Carlos Alberto Decotelli deixou o Ministério da Educação antes mesmo de tomar posse. A decisão se deu após a suspeita de plágio em sua dissertação de mestrado e a descoberta de que ele não tinha os títulos de doutor e pós-doutor pelas universidades de Rosário, na Argentina e de Wuppertal, na Alemanha, respectivamente. Ele entregou a carta de demissão ao presidente Jair Bolsonaro nesta terça-feira, 30.

Decotelli afirmou nessa segunda, 29, a jornalistas que seguia como ministro e que não houve cópia na dissertação. Disse ainda que o doutorado em Rosário não foi concluído, pois a banca o orientou a fazer adequações na tese, mas que por dificuldades financeiras não pôde voltar ao país para concluir o processo. "Fiquei com o diploma de créditos concluídos, posso disponibilizar a vocês", declarou.

Durante o fim de semana, a FGV anunciou que vai apurar a denúncia de plágio na dissertação de mestrado. A faculdade também afirmou que "Decotelli foi professor colaborador dos cursos de pós-graduação lato sensu da FGV. Não tinha vínculo com a FGV", diferentemente do que informava seu currículo.

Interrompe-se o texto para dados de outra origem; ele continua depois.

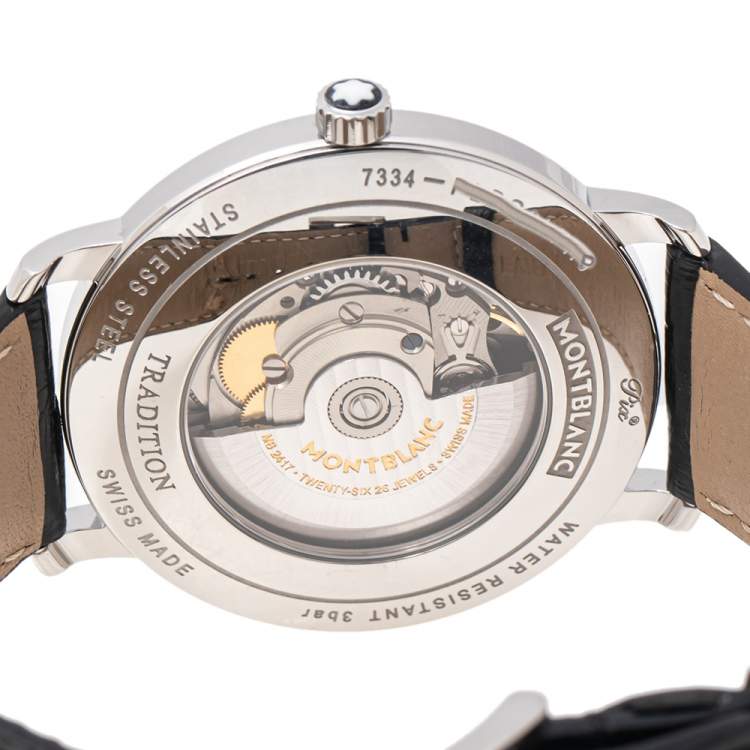 Pre Owned Montblanc White Stainless Steel Tradition 7334 Men's Wristwatch 40 mm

Decotelli é o terceiro ministro da Educação no governo Bolsonaro. Ele sucede Abraham Weintraub, demitido por ter participado de um ato contra o Supremo Tribunal Federal. “Já falei a minha opinião, o que faria com esses vagabundos”, disse na época. Ele também é alvo de investigação do STF por ter defendido, em reunião ministerial de 22 de abril, que os ministros da mais importante corte do país fossem presos.

Antes de Weintraub a pasta era comandada por Ricardo Vélez Rodriguez, que em dois meses no comando do MEC demitiu o presidente do Inep, Marcus Vinicius Rodrigues, pediu que as escolas filmassem os alunos cantando hino nacional e enviassem o vídeo ao ministério, afirmou que universidade não é para todos e disse em entrevista que o brasileiro parece um "canibal" quando viaja ao exterior.